Une plateforme à succès qui rentabilise son audience
Interrogée par Libération, la socioéconomiste Mathilde Abel rattache cette bascule à une trajectoire connue : celle des moteurs de recherche et d'une partie de la presse en ligne. Un service numérique gratuit attire d'abord une audience massive, puis cherche à la monétiser une fois l'usage installé. OpenAI revendique près d'un milliard d'utilisateurs, et faire tourner ChatGPT à cette échelle coûte plus cher que les abonnements ne rapportent. La publicité devient le levier qui finance l'accès gratuit, sur le modèle des grandes plateformes grand public.

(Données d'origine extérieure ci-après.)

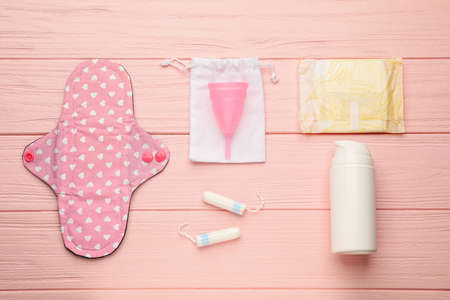 Cloth menstrual pad and other female hygiene products on pink wooden table, flat layの写真素材
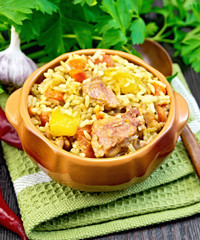 Rice with chicken and zucchini in clay bowl on dark board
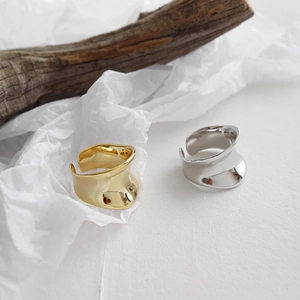 Minimalistische goldene und silberne konkave Ringe auf Holz und Papier im modernen Design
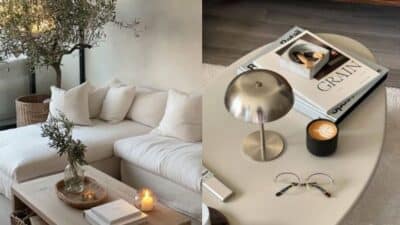 Cozy living room with white sofa, coffee table, books, candle, and potted plant; stylish modern decor.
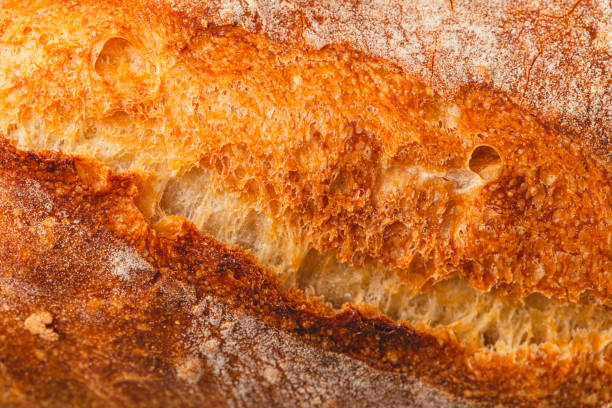 istock Ruddy crust of bread as an abstract background. Texture 2077451881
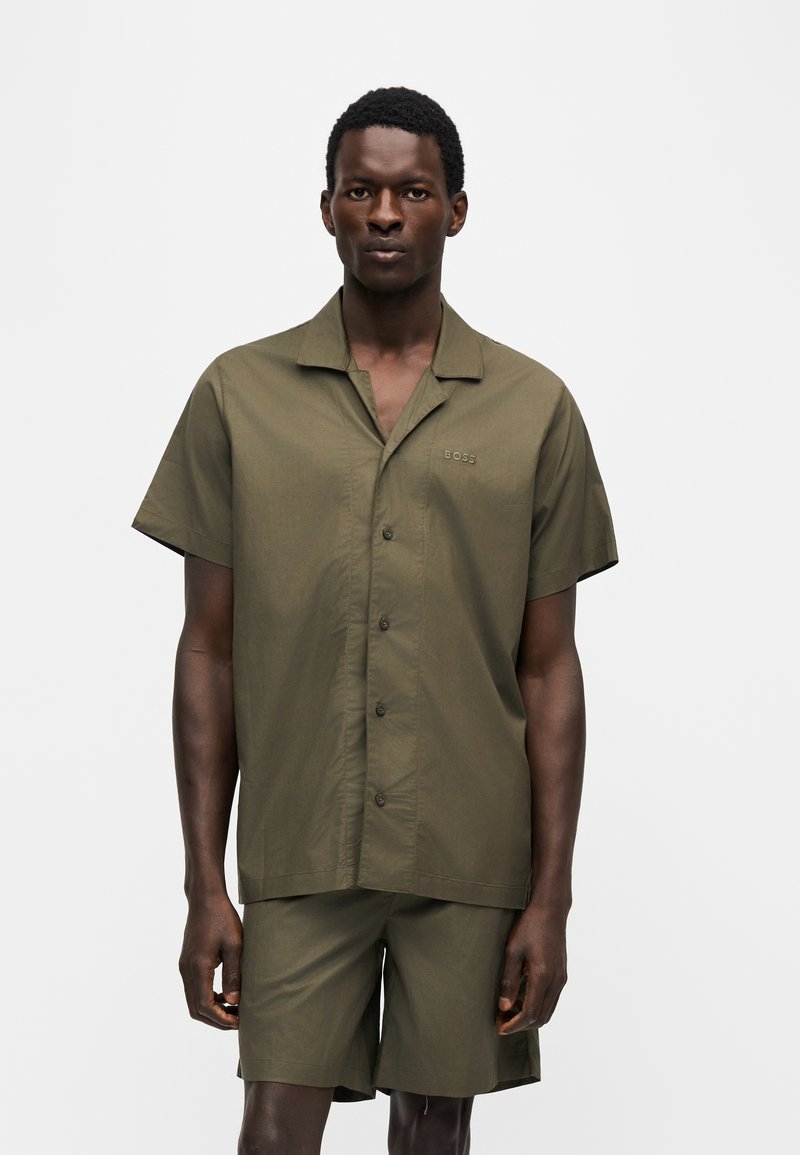 Homme debout devant un fond uni, portant une chemise olive à manches courtes boutonnée et un short assorti, face à l’objectif.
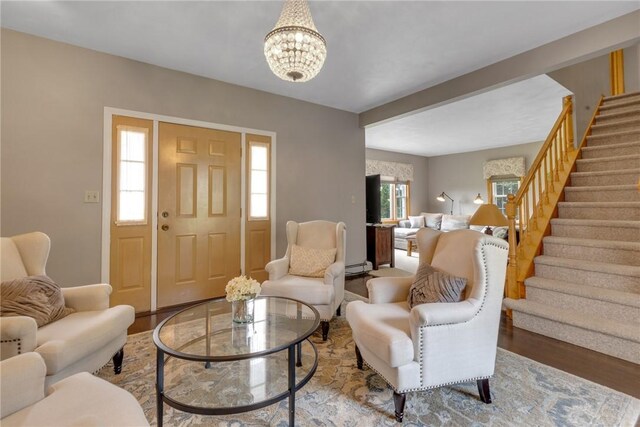 44868 Warner Rd, Pa, PA 16354 - living room with stairs, wood finished floors, baseboard heating, and a chandelier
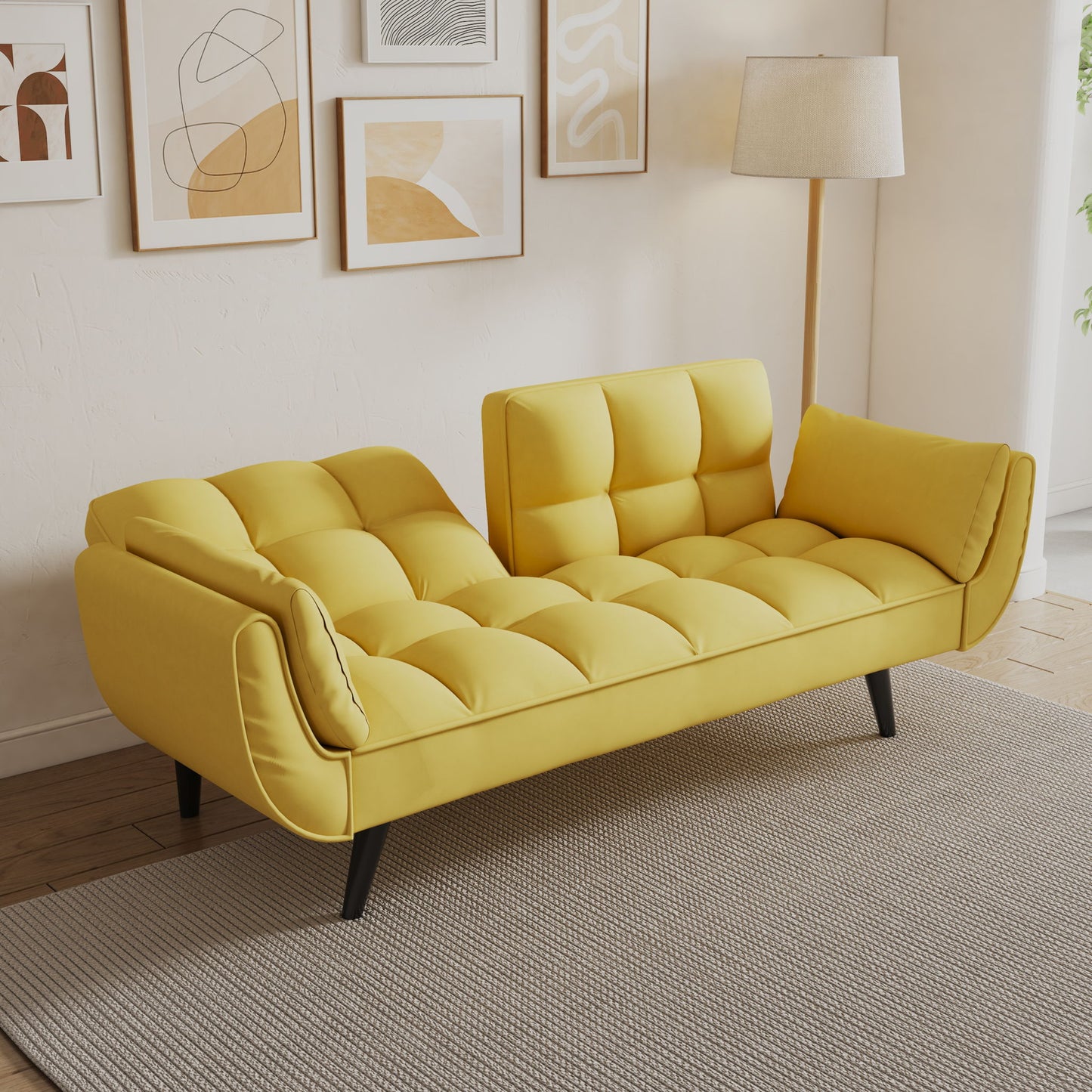 The Sofa Soft with two armrests and throw pillow offers comfort and a modern touch, fitting small spaces or apartments. It sits on a light gray rug with abstract art prints behind it, set against cream walls and wooden flooring.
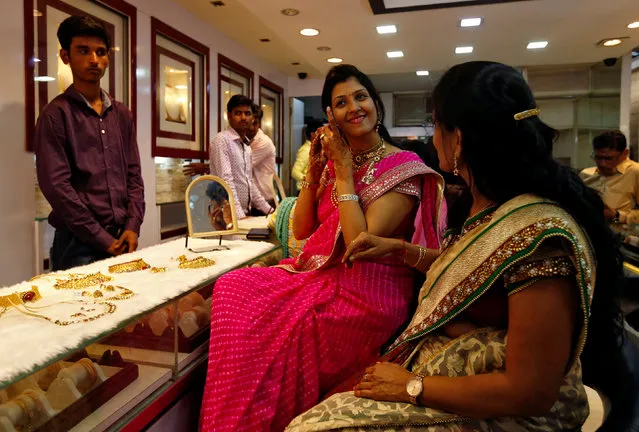 A woman tries a gold earring at a jewellery showroom during Dhanteras, a Hindu festival associated with Lakshmi, the goddess of wealth, in Mumbai, India October 28, 2016. (Photo by Danish Siddiqui/Reuters)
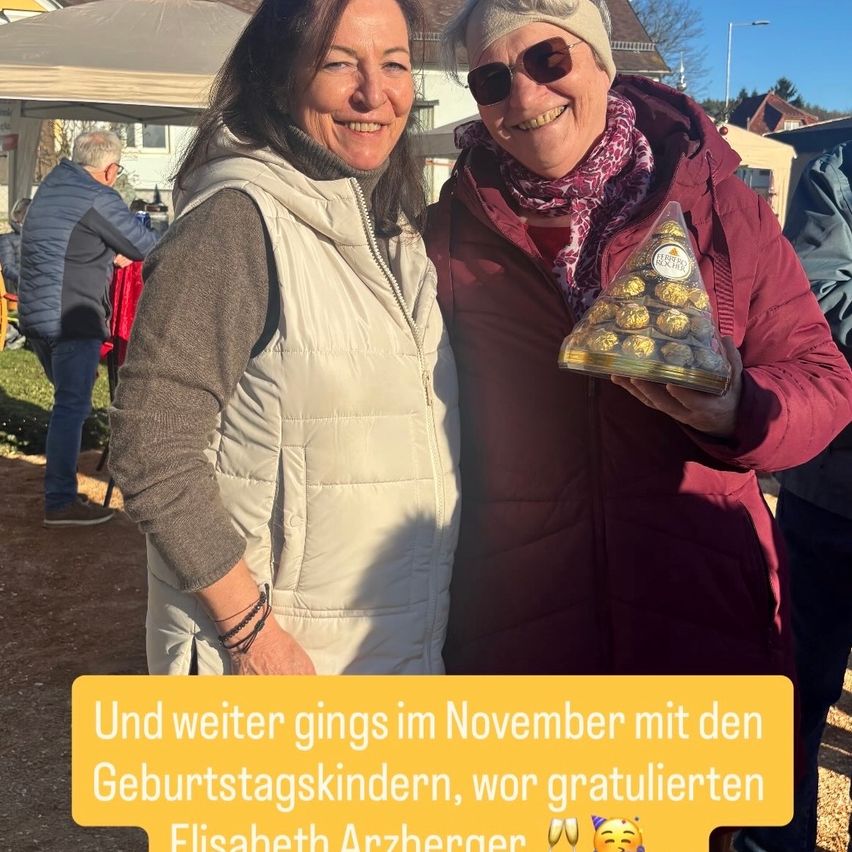 Zwei lächelnde Frauen, eine hält ein dreieckiges Paket mit Schokoladen, stehen draußen. Ein Text-Overlay lautet: 'Und weiter ging es im November mit den Geburtstagskindern, die Elisabeth Arzhberger gratulierten.'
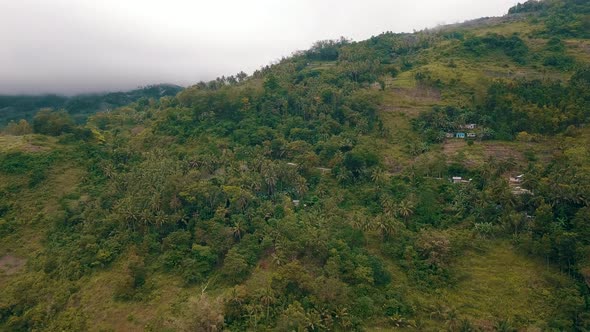 Aerial drone shot flying up the side of a mountainside in central Cebu in the Philippines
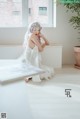 A woman in a white dress sitting on the floor.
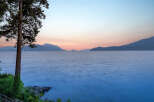 Experience breathtaking sunset views over the tranquil water from this stunning property.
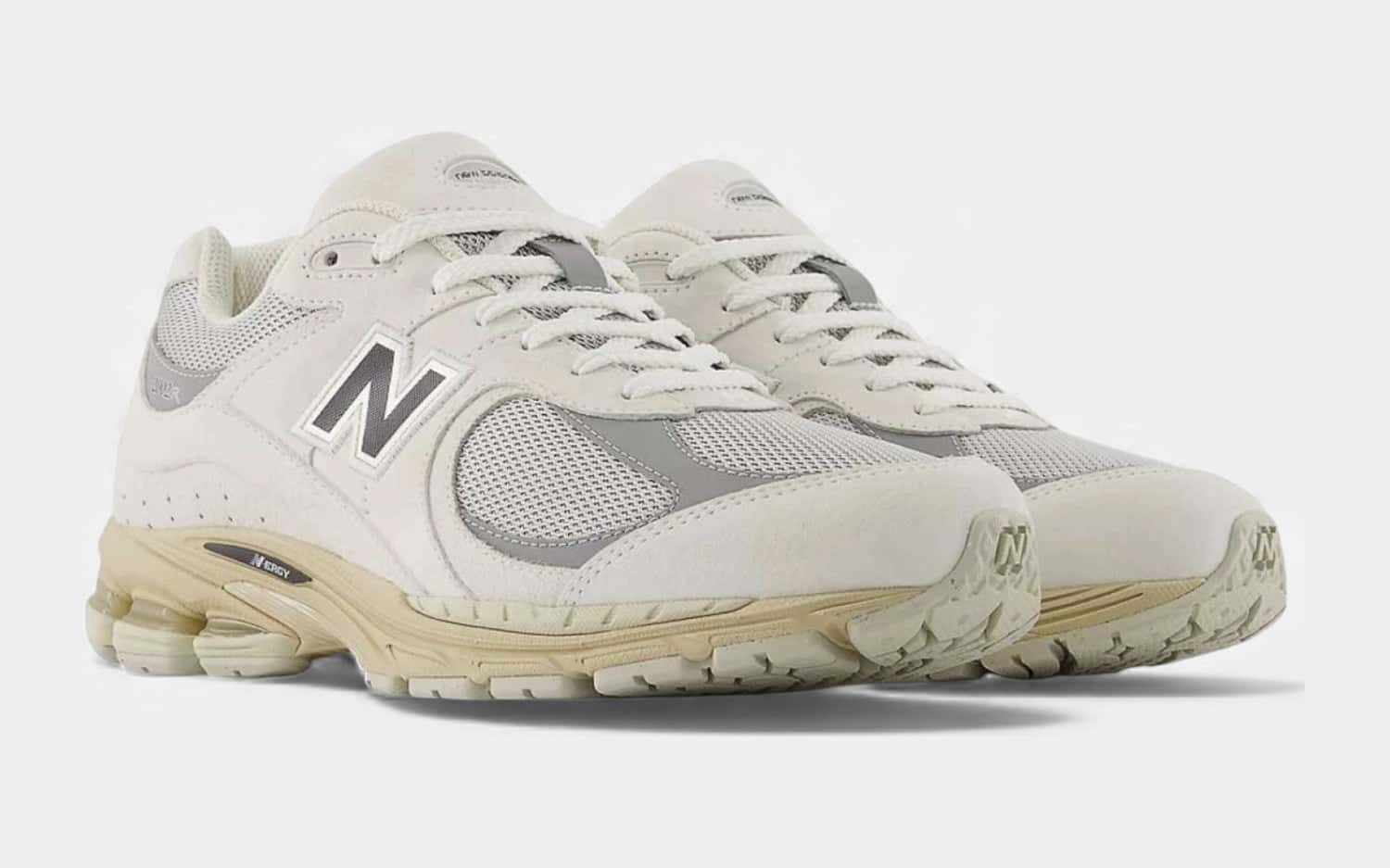Par de New Balance 2002R beige y gris claro con la N gris y la suela crema, sobre fondo gris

Les chiffres avancés donnent la mesure de l'ambition. OpenAI viserait 2,5 milliards de dollars de revenus publicitaires en 2026, et jusqu'à 100 milliards à l'horizon 2030 (Technomedia). L'entreprise s'installe ainsi sur un marché dominé par Google et Meta, avec un argument distinct : capter l'intention de l'utilisateur au moment où il expose son besoin dans une conversation, en amont de la décision d'achat.
Le risque du conflit d'intérêts
Le point sensible tient à la confiance. Un assistant qui conseille et qui vend au même endroit brouille la frontière entre réponse utile et contenu payé. OpenAI promet une « séparation perceptible » et affirme que les annonces n'influencent pas le texte généré. La garantie porte sur le contenu des réponses, pas sur leur voisinage immédiat avec les encadrés sponsorisés. À cela s'ajoute la logique de l'économie de l'attention, déjà à l'œuvre sur les réseaux : maximiser le temps passé et les interactions pour vendre de l'espace, au risque d'orienter la conception du produit vers l'engagement plutôt que vers la justesse.
La question de la rentabilité de ce modèle pour les IA génératives se posait déjà avant ce lancement (voir IA générative : la publicité peut-elle payer la facture ?). La plateforme en libre-service, qui ouvrira l'achat d'espace à tous les annonceurs, est attendue plus tard dans le trimestre.